Before I went to the Hinkel the first time, Rob told me there was a part of the tunnel where there is a lot of flow, and not a lot of places to pull on.  It is really only a few body lengths, but he got it into my head that it's there, so I was once again pleasantly surprised that the swim isn't as bad as I expected.  We got through the Hinkel, and I pointed out the plaque to Kevin.  After that, we just meandered up the line, pausing in the various rooms to look around.  We made it further than I've been before, and eventually Rob found a jump and asked if we could take it.  Sure, why not?  Once we made the jump, it was fairly small and a little bit crumbly in there.  And there was some flow.  We came up to a T just in time for me to thumb it on gas.  Rob wasn't very happy that he didn't get to go past the T.  He peered up to the left, which I think he said got a little wider than the tunnel we had been in (which was single file, so I didn't even get a glimpse of what was past the T).  And so we turned and headed back, and rode the flow out.  Kevin got a little video footage back there as we drifted out.  I really do like that area just past the Hinkel, and it is always too short on the way out :)

We got back to our scooters, where we found both of those jumps to Mainland still installed (so I am quite sure that they had been left there, and thus we could have gone in there after all).  We picked up our scooters and pretty much headed straight down the mainline until we came to that first stage drop.  Then we headed to the Insulation Room jump, and ditched all of our gear on the mainline, and went up there.  Kevin was leading at this point, and since he didn't really know the way, he went a slightly different route, and ended up tying in after the T, on the right side of it.  So we headed up that way, going counterclockwise around the little loop.  We stopped and played with the "insulation" a bit as Kevin got some footage.  Then we got to the room with the tannic layer on top, which was WAY more distinct than the last time I was in there, when it just seemed like the viz was crap.  After playing around there a bit, we headed back out and picked up all of our gear from the mainline, and out we went.

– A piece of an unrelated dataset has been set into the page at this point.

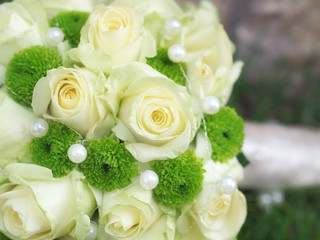 still life with wedding bouquet and wedding rings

On the way out, there were even more jumps installed, as there were now actually a few teams in the cave with us.  We eventually made it back to the gallery, and headed up the eye.  There weren't any teams at the 20 foot spot when we got there (though there were two O2 bottles on the ledge), so Kevin and I took the ledge, and Rob went over and pouted in the corner (I'm not sure why he was pouting, I think it was because I thumbed it before he made it past that T).  Kevin and I shared a sudoku puzzle on deco, which was a lot of fun.  We made a lot more progress working on it together, so it was much less boring.  I also have to mention that after an unpleasant deco yesterday, I plugged in today, and oh what bliss!  Eventually a team came to claim their O2 bottles from the ledge, and after not too long, they headed out.  Then another team appeared, and I don't know how to explain it, but one of them was giving us the stink-eye.  We all noticed it.  First he stared at Rob for a while.  Then he stared at me.  I thought maybe he was staring because he was annoyed that we were hogging the ledge.  I would have shared if he had asked, but no, he just gave me the evil-eye.  Eventually it was time to go and I slithered past him and we slowly bobbed to the surface.  It was pretty early when we got out, so we actually had a while to hang around and do nothing in the afternoon.  My favorite thing to do on vacation!